• [Exercise objective]
Could you print exactly the lines from the one that contains "Image result for" to the end of the data, both ends included, and nothing else? Skip the pictures.

BEGIN

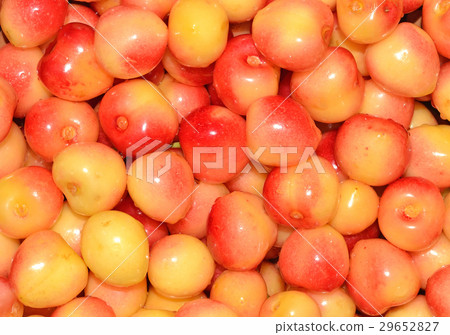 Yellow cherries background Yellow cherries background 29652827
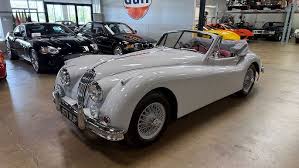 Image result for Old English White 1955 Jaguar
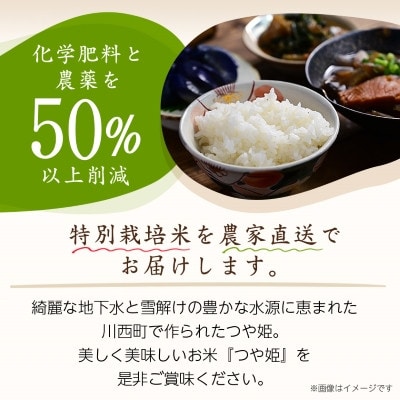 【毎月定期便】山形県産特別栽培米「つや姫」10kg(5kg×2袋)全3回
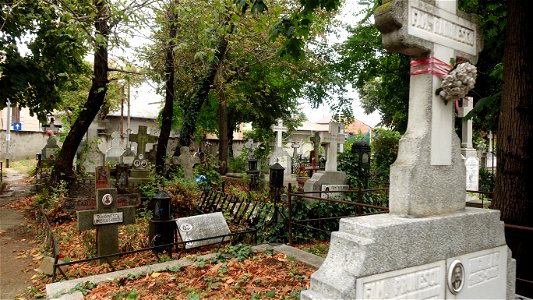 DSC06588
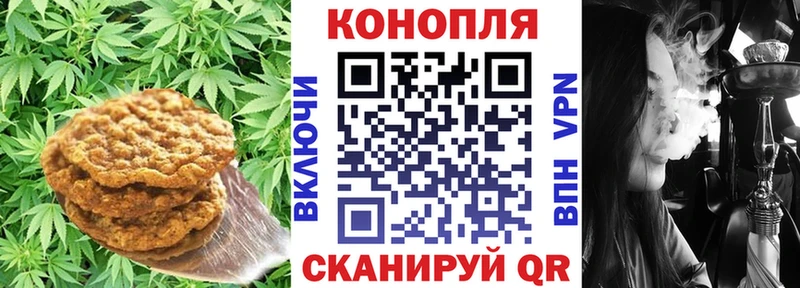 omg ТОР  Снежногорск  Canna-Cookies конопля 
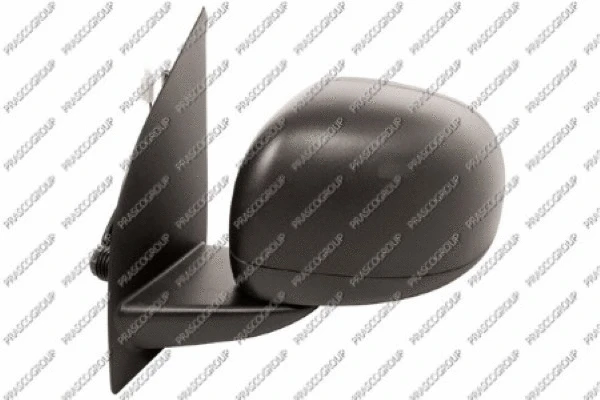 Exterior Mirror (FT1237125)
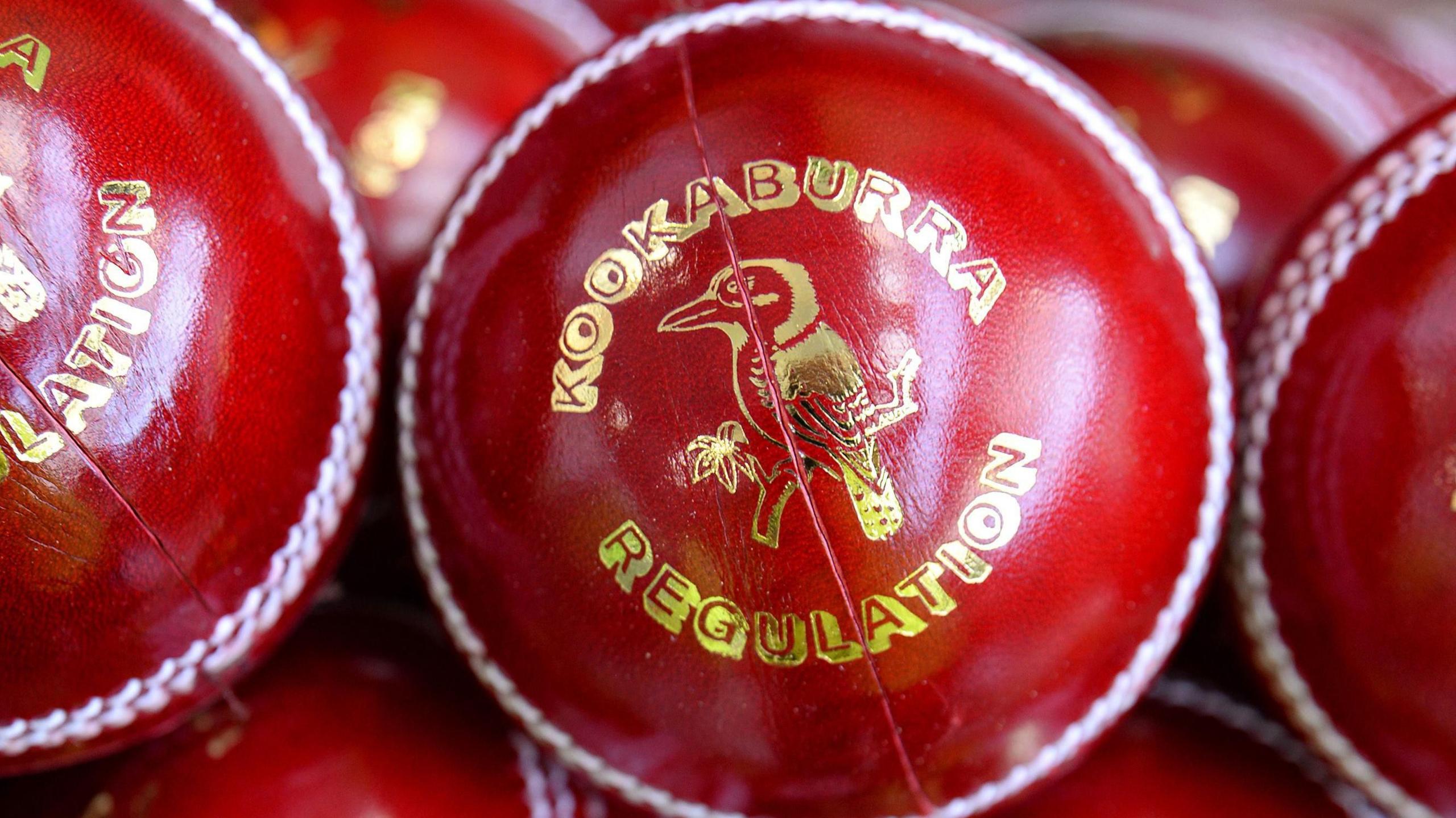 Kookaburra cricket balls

END

• [Result for this exercise]
 Image result for Old English White 1955 Jaguar
 【毎月定期便】山形県産特別栽培米「つや姫」10kg(5kg×2袋)全3回
 DSC06588
 omg ТОР  Снежногорск  Canna-Cookies конопля 
 Exterior Mirror (FT1237125)
 Kookaburra cricket balls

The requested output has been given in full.